“…Di tengah-tengah takhta itu dan di
sekelilingnya ada EMPAT MAKHLUK penuh dengan mata, di sebelah muka dan di sebelah belakang. Adapun
makhluk yang pertama sama seperti singa, dan makhluk yang kedua sama seperti
anak lembu, dan makhluk yang ketiga mempunyai muka seperti muka manusia, dan
makhluk yang keempat sama seperti burung nasar yang sedang terbang. Dan KEEMPAT
MAKHLUK ITU masing-masing bersayap enam,
sekelilingnya dan di sebelah dalamnya penuh dengan mata” (Wahyu 4:6-8).
Di sini kita dihadapkan dengan kelompok empat “makhluk”, yang pertama dari
banyak makhluk aneh dan tidak biasa dalam Kitab Wahyu. Makhluk-makhluk ini
dipenuhi dengan mata dan masing-masing memiliki enam sayap. Banyak juga
binatang-binatang lainnya dalam Kitab Wahyu. Semua itu adalah binatang-binatang
yang menarik, tetapi tidak akan pernah dijumpai nyata di hutan atau di kebun
binatang.
Saya teringat pada film kartun popular – The Lion King. Hewan-hewan dalam cerita
film ini melambangkan manusia dan bagaimana mereka saling berhubungan satu sama
lain. Dan pada kenyataannya, The Lion
King adalah sebuah perumpamaan Afrika. Film kartun ini dimulai pada satu
dunia yang sempurna, dimana kehidupan berjalan seimbang dan harmonis. Ketika
kekuatan kejahatan menghancurkan dunia itu, namun pada akhirnya tindakan
kepahlawanan anak singalah yang mengembalikan keharmonisan dunia. Sedikit
banyak Kitab Wahyu adalah seperti cerita itu.
Banyak penulis buku dan cerita kartun menggunakan hewan
untuk mengilustrasikan bagaimana manusia dan sekelompok manusia berkelakuan.
Karena apabila seorang penulis mencoba menyampaikan sesuatu yang sensitif
secara langsung, kita cenderung menolak atau melawan karena merasa diserang.

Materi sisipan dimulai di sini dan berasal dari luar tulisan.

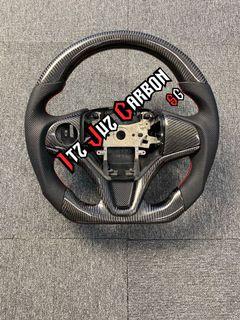 (Ready stock) Honda Vezel shuttle Fit HRV Carbon fibre steering wheel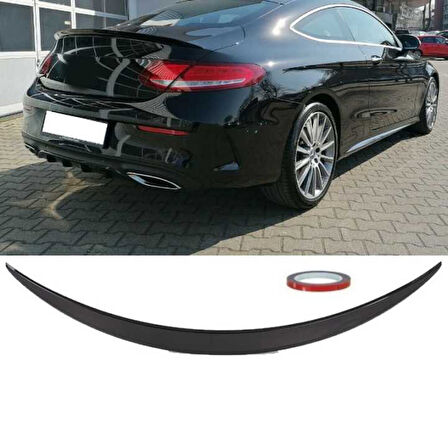 Mercedes W205 C Coupe 2015-2018 Uyumlu Spoiler Parlak Siyah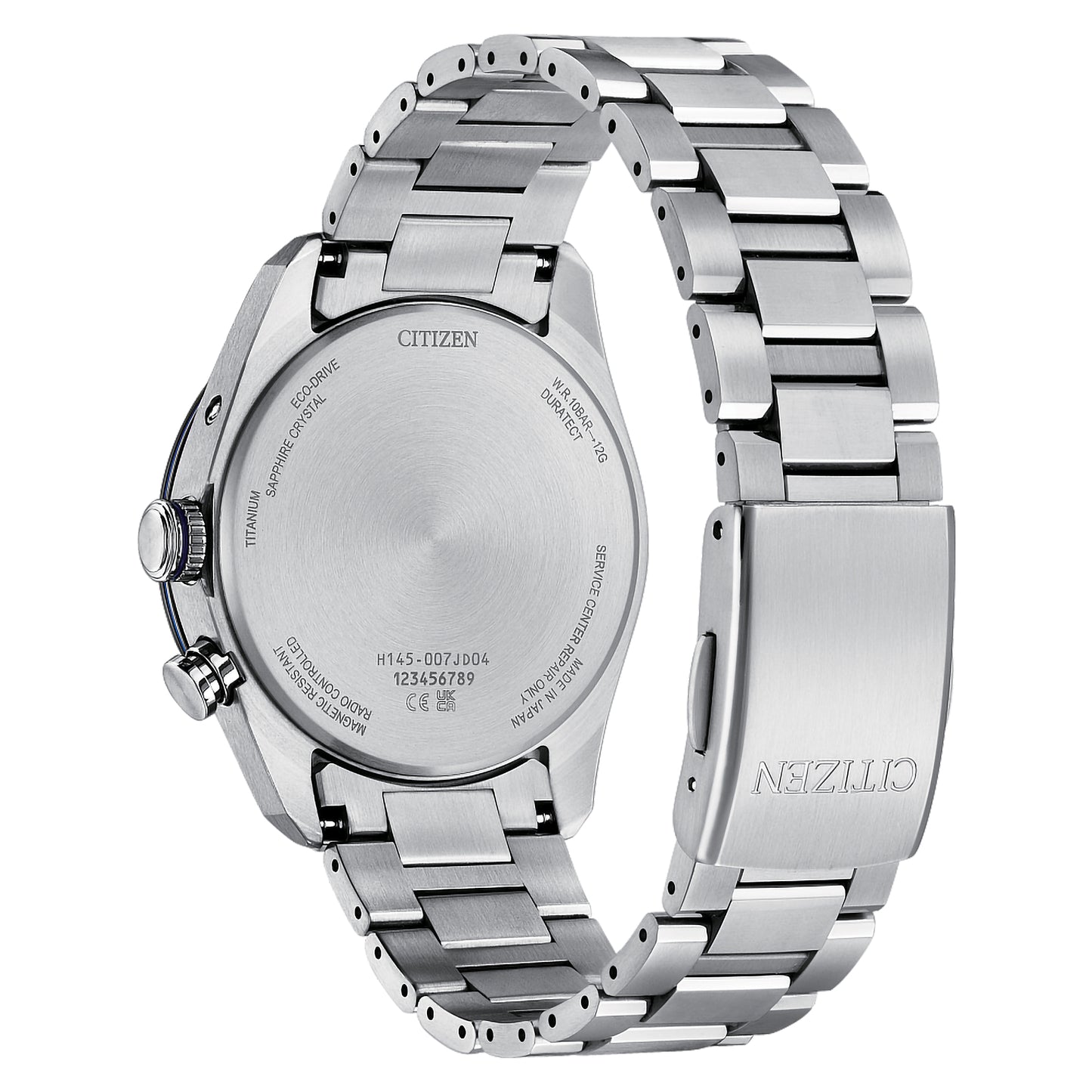 Citizen Eco-Drive Attesa Blue Dial Super Titanium Watch | CB0288-65L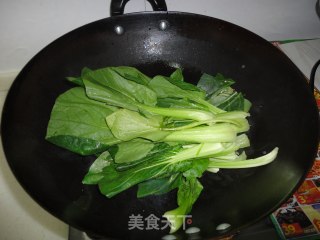 香菇扒油菜的做法步骤：4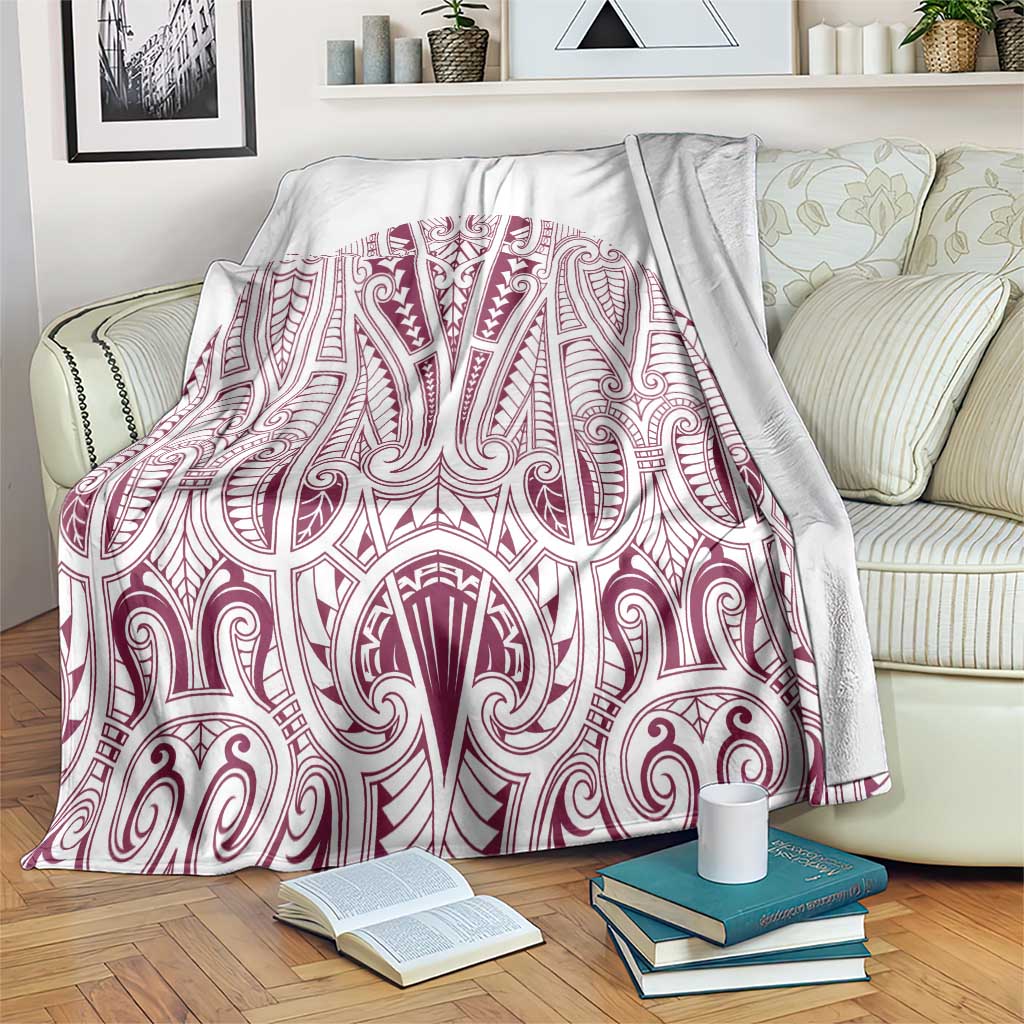 Queensland Maori Rugby Nga Hau e Wha Blanket White Motif LT9 White - Polynesian Pride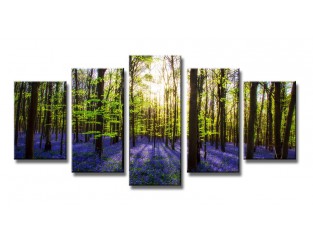 Cuadro paisaje 200x100 cm 5 partes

Itu sebabnya mengapa Kitab Wahyu sangat berkuasa. Walaupun dituliskan tentang
cerita hewan, namun bukan hewan jadi inti pembicaraannya. Isinya hampir sama
seperti drama kartun tentang bagaimana sekelompok manusia berinteraksi, antara
yang baik dan jahat. Dan bercerita tentang hubungan Tuhan dan umat manusia, dan
bagaimana sejarah manusia akan berakhir.
Lalu mengapa kita menagnggap Kitab Wahyu adalah buku yang
susah dimengerti? Karena penulis menuliskan drama dalam wahyu bukan dalam
keadaan abad ke dua puluh satu, tetapi pada keadaan abad pertama, dan
dituliskan untuk ketujuh gereja di propinsi Roma di Asia. Tuhan berbicara dalam
bahasa mereka dan menguatkan mereka
dalam situasi mereka masing-masing. Tetapi dalam suratnya kepada mereka, Tuhan
menciptakan gambaran yang dramatis yang akan terus memberikan inspirasi bagi
umat-umat Tuhan selama hampir 2.000 tahun.
Tuhan, terima kasih karena Engkau telah
berbicara kepada kami melalui hal yang dapat kami pelajari dan kami mengerti.
Tolong kami untuk lebih mengerti maksud dan tujuan Tuhan di balik Firman-Mu.